Special Agent Jeff Youngblood, who works in the FBI's resident agency in Durant, Oklahoma, helped convict a corrupt public official of the Choctaw Nation of Oklahoma last year. He felt more satisfaction than usual bringing a criminal to justice, because Youngblood is Native American and a member of the Choctaw tribe.


Video Transcript

My name is Jeff Youngblood. I'm a special agent for the FBI. I'm assigned to the Oklahoma City Division, Durant Resident Agency. I am also an enrolled member of the Choctaw Nation of Oklahoma.

With this opportunity, when it came open, not only could I work as an FBI agent and do things as far as other roles, a law enforcement officer, but it also gave me a little fulfillment in knowing that I'm also helping out the Choctaw Nation, a tribe that I belong to.

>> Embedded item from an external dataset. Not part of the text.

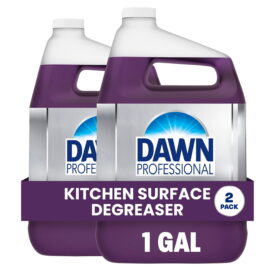 Dawn Professional Kitchen Surface Degreaser 1 gal. – 2 Count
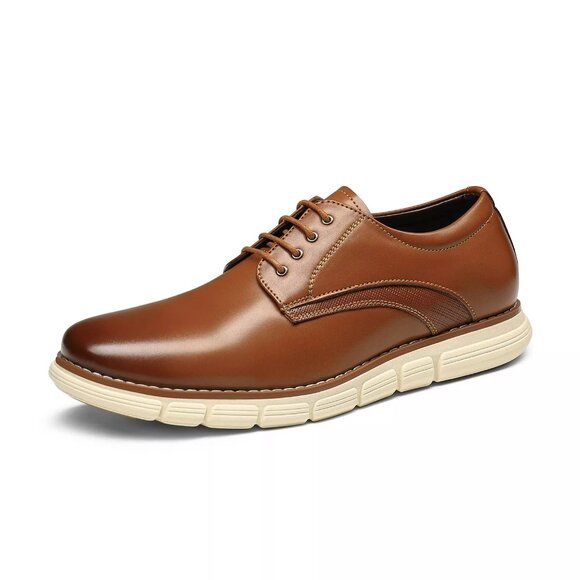 Wide Size 6.5-15, Men\'s Lightweight Oxford Sneakers Casual Dress Shoes main image 8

One of the Choctaw employees who oversaw the construction, the new construction, remodeling for many of their projects for the Choctaw Nation, he had an expectation of receiving things that he wasn't entitled to, and some of these businesses, once they realized it, capitalized on it and continued to providing him gifts and bribes in cash and other forms of assets, cars, guns, things of those natures, to get him in—to get this individual, this Choctaw employee in their back pocket so when it came time for contracts, they could kind of set their price, set what they wanted to do and know it would get approved because they had won his favor through these bribes.

it was a unique situation in that not only do I get to work and investigate as an FBI agent, but it also gave me the opportunity to not only just help normal people but to help the tribe.

That’s when it really started to hit me. I'm a victim here as well as the other people because I'm a member of the tribe. This was our money.

Being an FBI agent assigned here to the Nation in this territory, I was able to take an active role in trying to correct something.

It was very satisfying, very satisfying to be able to sit on the witness stand and not only tell them, you know, that I was an FBI agent and here’s what we did in putting them through the case agent but to look at the people that were in the gallery that were victims in this case that attended and wanted answers, but to be able to stand there on the witness stand and tell them, you know, I'm one of you, I'm a member, I'm a victim, too, and I'm standing here with you and here’s what we've done and, you know, we're getting justice for how we were wronged.

I've lived here all my life and for them to know that, you know, I've got roots. My parents, we go back to Southeastern Oklahoma. I'm not a transplant. This isn't a short-time assignment and I'm looking to go somewhere else. They know that I chose to come here. I wasn't assigned to it and then for the tribe to know that I am a member, that I'm not just going to do things halfway, because I do have an interest. I have a vested interest because it’s my tribe. I'm a member of it so the effort is going to be there. I certainly have an interest and they're aware of that. And I think that plays an important role. They know that I do care. It isn't just part of my duties.